Les précurseurs de la sociologie positive, apparus à partir à partir du 16ème siècle ont
continué sur la même lancée qu’Ibn Khaldoun. C’est le cas de Nicolas Machiavel, de Jean-
Antoine-Nicolas Caritat de Condorcet (né le 17 septembre 1743- décédé le 29 mars 1794), de
Pierre Guillaume Frédéric Le Play (né le 11 avril 1806- décédé le 5 avril 1882), de Claude-
Henry de Rouvroy, comte de Saint-Simon (1760-1825), de Henry de Tourville (1842-1903),
d’Auguste Comte (1798-1857), d’Herbert Spencer (né le 27 avril 1820- décédé le 8 décembre
1903), de Charles Joseph Félicien Pariset (né le 22 mai 1807- décédé le 15 juin 1886), etc. Ils
ont pris le contrepied de la pensée médiévale qui était davantage théologique et philosophique.

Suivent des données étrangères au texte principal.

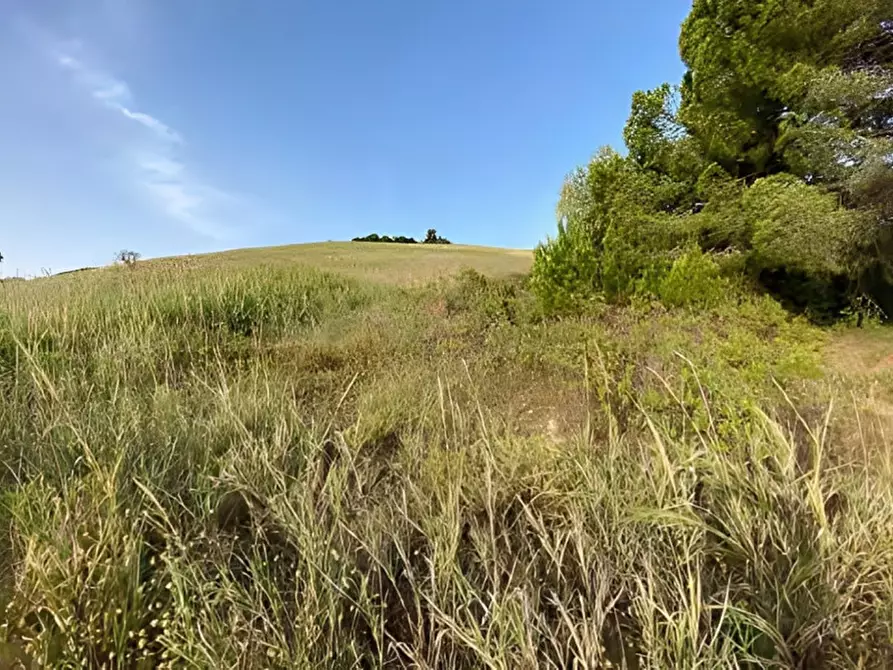 Immagine 14 di Capannone industriale in vendita  in C.DA CERMINIANO a Montescaglioso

Ils ont observé les mutations sociopolitiques européennes de la manière la plus froide. Dans un
premier temps, ils ont interrogé les fondements de l’ordre social, développant une critique de
l’ordre social et politique et cherchant à réorganiser le système social sur la base de la science
et de l’industrie. A partir de la fin du 18ème siècle, les précurseurs de la sociologie se sont
intéressé aux mutations des sociétés capitalistes ou industrielles façonnées par les révolutions
industrielle et française. Ainsi, dit-on, pour reprendre Jean Duvignaud, que la sociologie fille
des révolutions (industrielle et française).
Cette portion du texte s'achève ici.